▶ _Dataset extract_
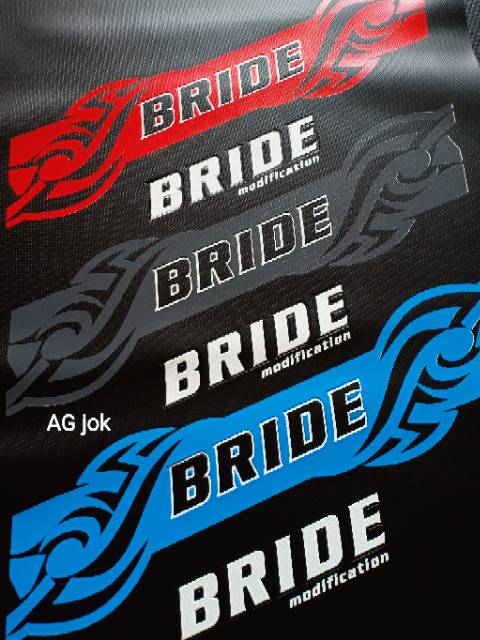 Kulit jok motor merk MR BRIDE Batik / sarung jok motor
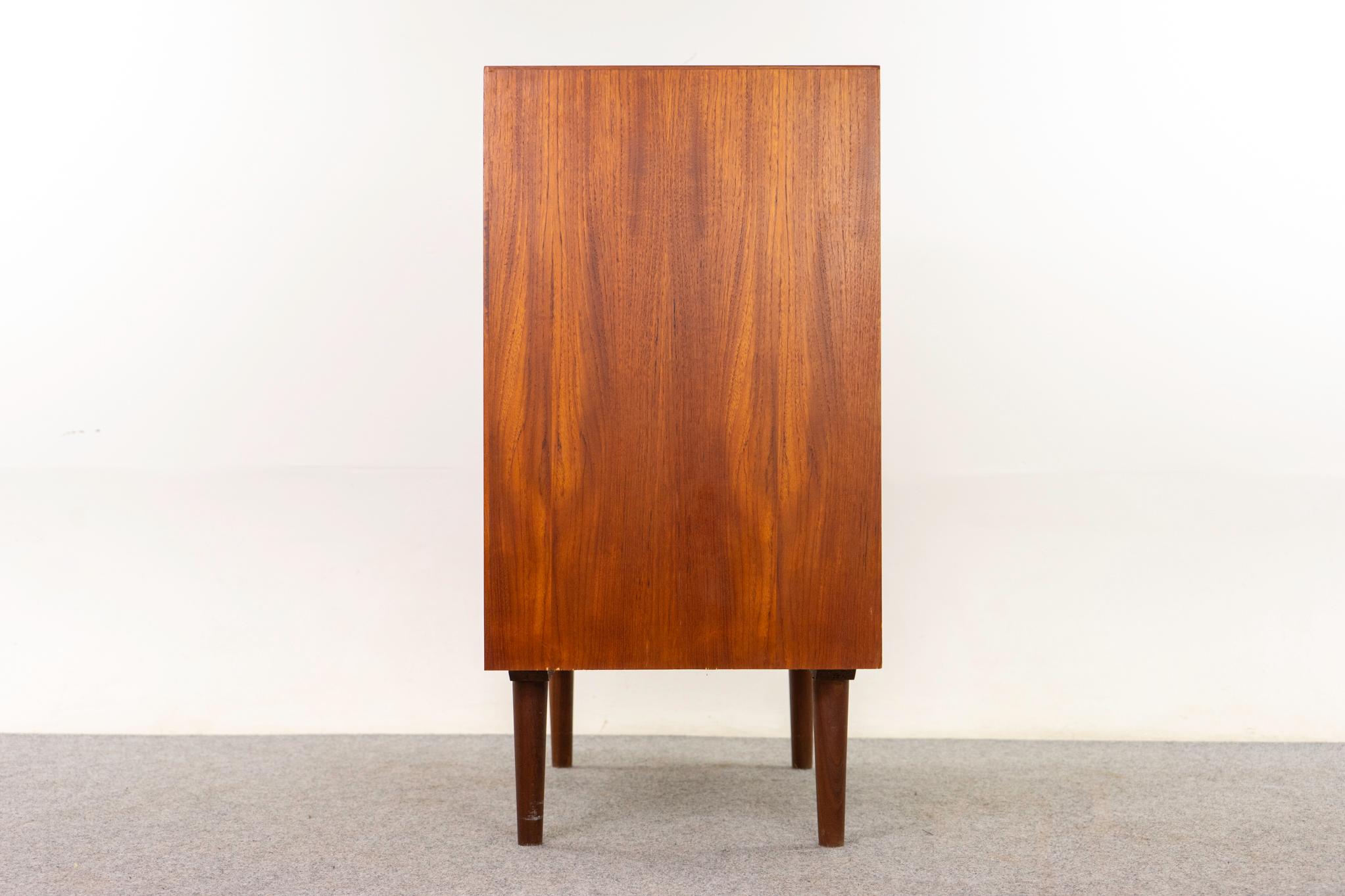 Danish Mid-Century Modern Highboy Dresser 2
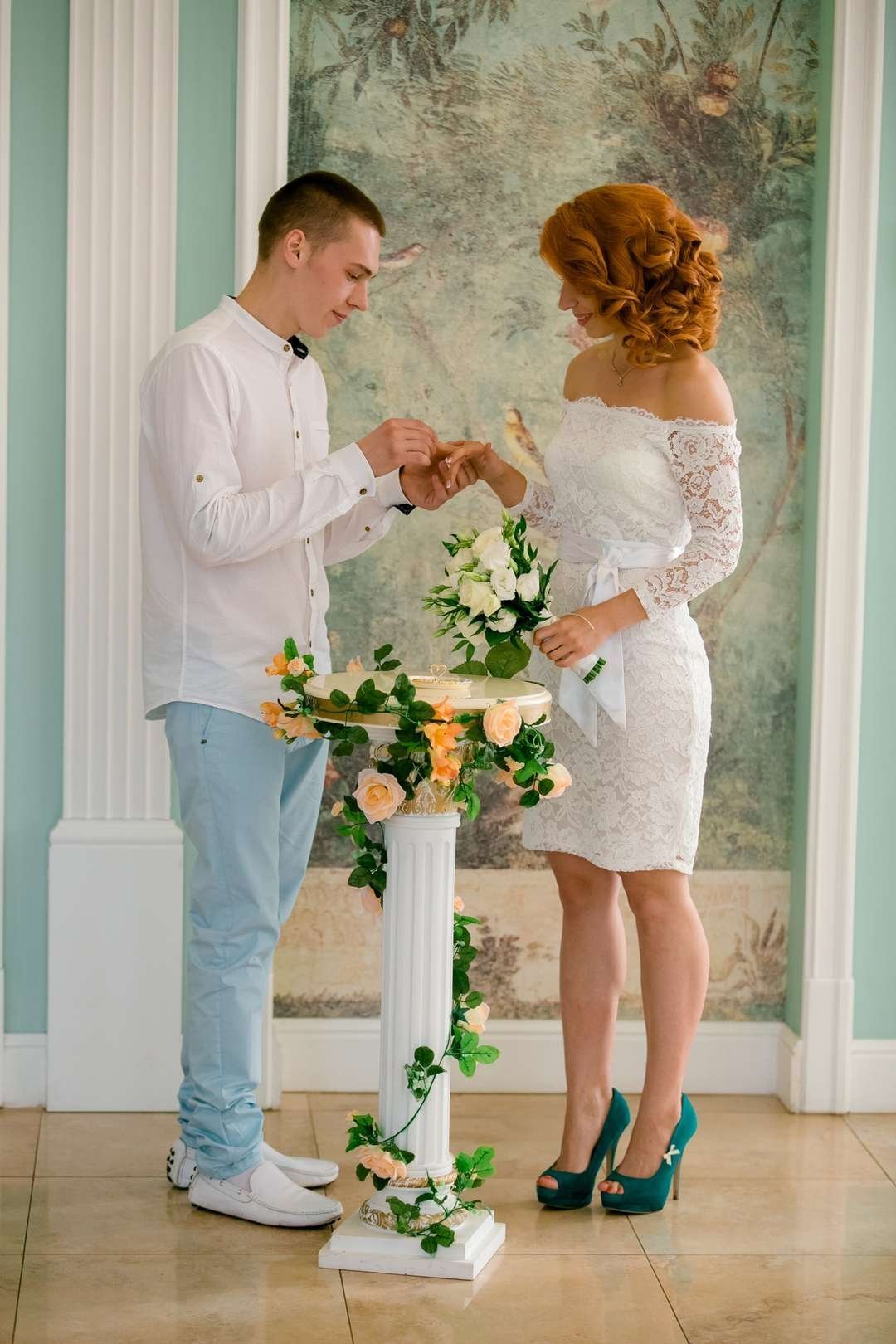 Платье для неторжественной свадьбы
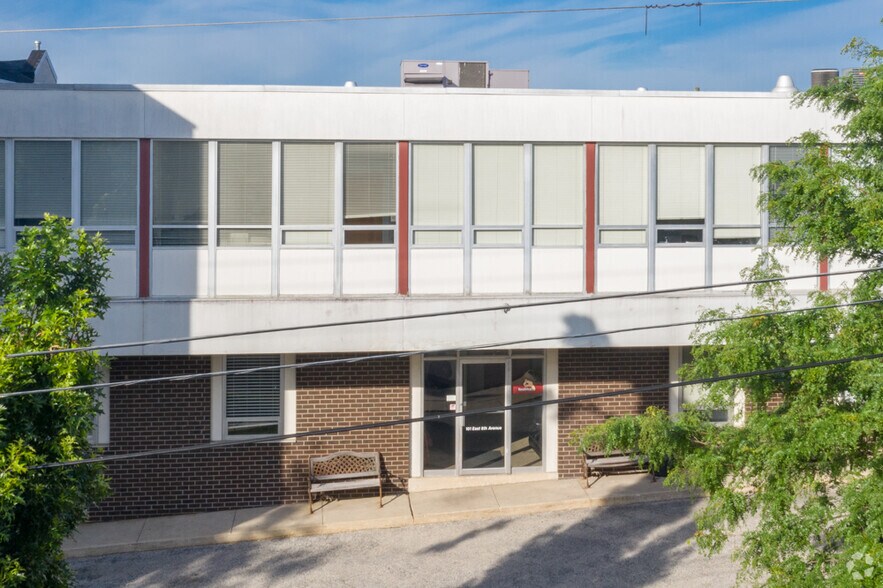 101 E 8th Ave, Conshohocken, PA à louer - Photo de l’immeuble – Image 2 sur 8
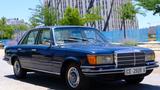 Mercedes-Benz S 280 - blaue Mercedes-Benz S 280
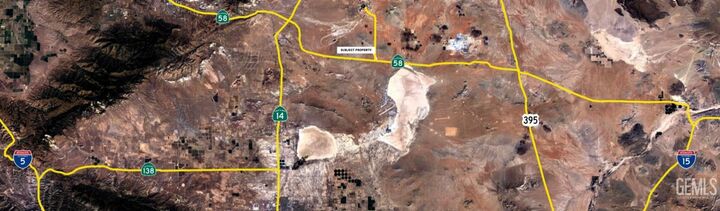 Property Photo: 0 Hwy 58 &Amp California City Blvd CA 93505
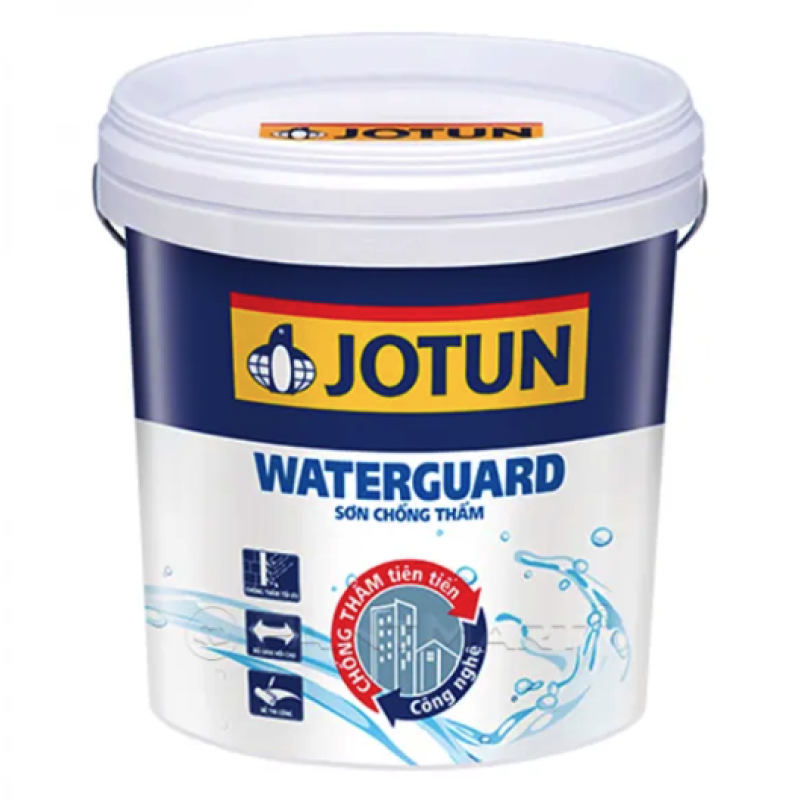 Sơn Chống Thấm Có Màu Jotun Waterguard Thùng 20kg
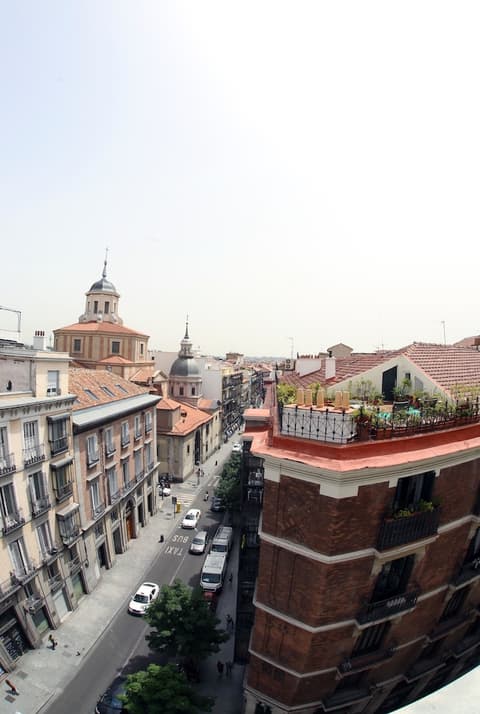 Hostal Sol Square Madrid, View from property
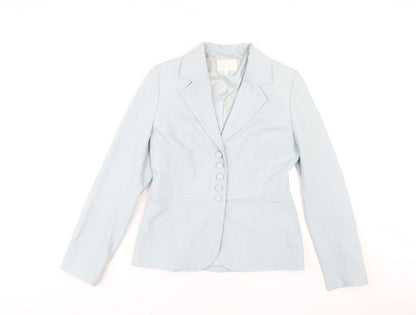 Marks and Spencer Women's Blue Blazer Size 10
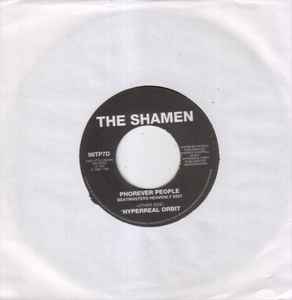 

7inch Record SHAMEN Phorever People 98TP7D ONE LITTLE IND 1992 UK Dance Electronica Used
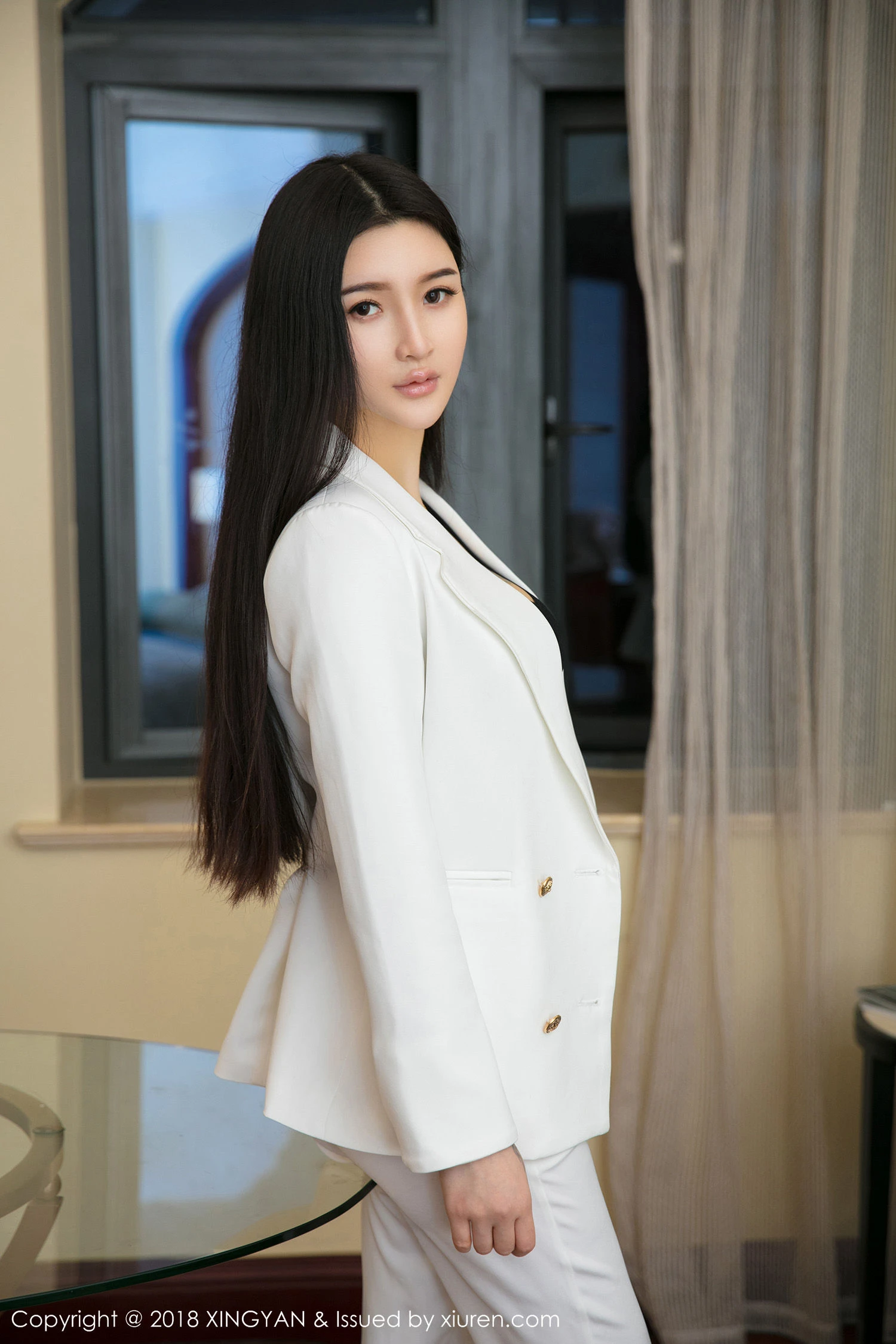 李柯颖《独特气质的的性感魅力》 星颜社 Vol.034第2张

▶ _What you will do_
Word for word, print every record, and leave out any picture.

▶ _Answer box_
 Kulit jok motor merk MR BRIDE Batik / sarung jok motor
 Danish Mid-Century Modern Highboy Dresser 2
 Платье для неторжественной свадьбы
 101 E 8th Ave, Conshohocken, PA à louer - Photo de l’immeuble – Image 2 sur 8
 Mercedes-Benz S 280 - blaue Mercedes-Benz S 280
 Property Photo: 0 Hwy 58 &Amp California City Blvd CA 93505
 Sơn Chống Thấm Có Màu Jotun Waterguard Thùng 20kg
 Hostal Sol Square Madrid, View from property
 Marks and Spencer Women's Blue Blazer Size 10

7inch Record SHAMEN Phorever People 98TP7D ONE LITTLE IND 1992 UK Dance Electronica Used
 李柯颖《独特气质的的性感魅力》 星颜社 Vol.034第2张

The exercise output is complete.